**TASK MATERIAL**
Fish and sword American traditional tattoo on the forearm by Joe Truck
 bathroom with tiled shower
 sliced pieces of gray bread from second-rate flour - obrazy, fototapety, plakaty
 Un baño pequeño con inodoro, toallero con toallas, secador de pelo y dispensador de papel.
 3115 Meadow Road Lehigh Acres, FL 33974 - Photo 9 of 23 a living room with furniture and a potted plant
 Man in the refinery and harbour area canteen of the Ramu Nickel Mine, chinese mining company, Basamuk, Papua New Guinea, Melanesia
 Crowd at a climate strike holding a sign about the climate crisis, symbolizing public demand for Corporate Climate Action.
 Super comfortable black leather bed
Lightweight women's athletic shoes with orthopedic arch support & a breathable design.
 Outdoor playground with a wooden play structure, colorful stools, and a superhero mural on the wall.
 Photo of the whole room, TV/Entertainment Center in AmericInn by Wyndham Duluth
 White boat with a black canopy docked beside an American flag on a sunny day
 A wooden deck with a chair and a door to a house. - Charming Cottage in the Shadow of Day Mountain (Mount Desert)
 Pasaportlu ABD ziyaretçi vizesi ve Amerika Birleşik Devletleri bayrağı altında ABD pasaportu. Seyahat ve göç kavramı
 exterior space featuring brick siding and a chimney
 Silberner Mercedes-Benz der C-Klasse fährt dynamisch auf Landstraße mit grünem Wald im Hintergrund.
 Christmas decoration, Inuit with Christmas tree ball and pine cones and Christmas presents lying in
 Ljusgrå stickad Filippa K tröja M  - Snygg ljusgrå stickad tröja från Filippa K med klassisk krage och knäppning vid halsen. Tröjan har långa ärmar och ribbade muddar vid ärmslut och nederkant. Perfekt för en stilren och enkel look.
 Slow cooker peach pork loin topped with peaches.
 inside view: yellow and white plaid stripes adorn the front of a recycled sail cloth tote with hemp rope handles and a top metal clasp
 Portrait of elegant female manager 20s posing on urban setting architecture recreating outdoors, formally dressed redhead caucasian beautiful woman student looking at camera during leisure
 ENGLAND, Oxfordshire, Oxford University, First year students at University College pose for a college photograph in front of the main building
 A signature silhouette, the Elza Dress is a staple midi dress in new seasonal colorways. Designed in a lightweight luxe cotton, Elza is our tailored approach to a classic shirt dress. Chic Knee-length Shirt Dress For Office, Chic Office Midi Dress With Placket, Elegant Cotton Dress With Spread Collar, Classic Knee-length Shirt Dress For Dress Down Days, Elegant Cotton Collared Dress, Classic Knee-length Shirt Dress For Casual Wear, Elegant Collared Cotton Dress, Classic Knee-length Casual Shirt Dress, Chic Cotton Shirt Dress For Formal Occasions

**THE PROBLEM**
Transcribe exactly, and only, the lines that extend from the one containing "Photo of the" to the end of the records above, inclusive of both.

**RESULT OF THE TASK**
 Photo of the whole room, TV/Entertainment Center in AmericInn by Wyndham Duluth
 White boat with a black canopy docked beside an American flag on a sunny day
 A wooden deck with a chair and a door to a house. - Charming Cottage in the Shadow of Day Mountain (Mount Desert)
 Pasaportlu ABD ziyaretçi vizesi ve Amerika Birleşik Devletleri bayrağı altında ABD pasaportu. Seyahat ve göç kavramı
 exterior space featuring brick siding and a chimney
 Silberner Mercedes-Benz der C-Klasse fährt dynamisch auf Landstraße mit grünem Wald im Hintergrund.
 Christmas decoration, Inuit with Christmas tree ball and pine cones and Christmas presents lying in
 Ljusgrå stickad Filippa K tröja M  - Snygg ljusgrå stickad tröja från Filippa K med klassisk krage och knäppning vid halsen. Tröjan har långa ärmar och ribbade muddar vid ärmslut och nederkant. Perfekt för en stilren och enkel look.
 Slow cooker peach pork loin topped with peaches.
 inside view: yellow and white plaid stripes adorn the front of a recycled sail cloth tote with hemp rope handles and a top metal clasp
 Portrait of elegant female manager 20s posing on urban setting architecture recreating outdoors, formally dressed redhead caucasian beautiful woman student looking at camera during leisure
 ENGLAND, Oxfordshire, Oxford University, First year students at University College pose for a college photograph in front of the main building
 A signature silhouette, the Elza Dress is a staple midi dress in new seasonal colorways. Designed in a lightweight luxe cotton, Elza is our tailored approach to a classic shirt dress. Chic Knee-length Shirt Dress For Office, Chic Office Midi Dress With Placket, Elegant Cotton Dress With Spread Collar, Classic Knee-length Shirt Dress For Dress Down Days, Elegant Cotton Collared Dress, Classic Knee-length Shirt Dress For Casual Wear, Elegant Collared Cotton Dress, Classic Knee-length Casual Shirt Dress, Chic Cotton Shirt Dress For Formal Occasions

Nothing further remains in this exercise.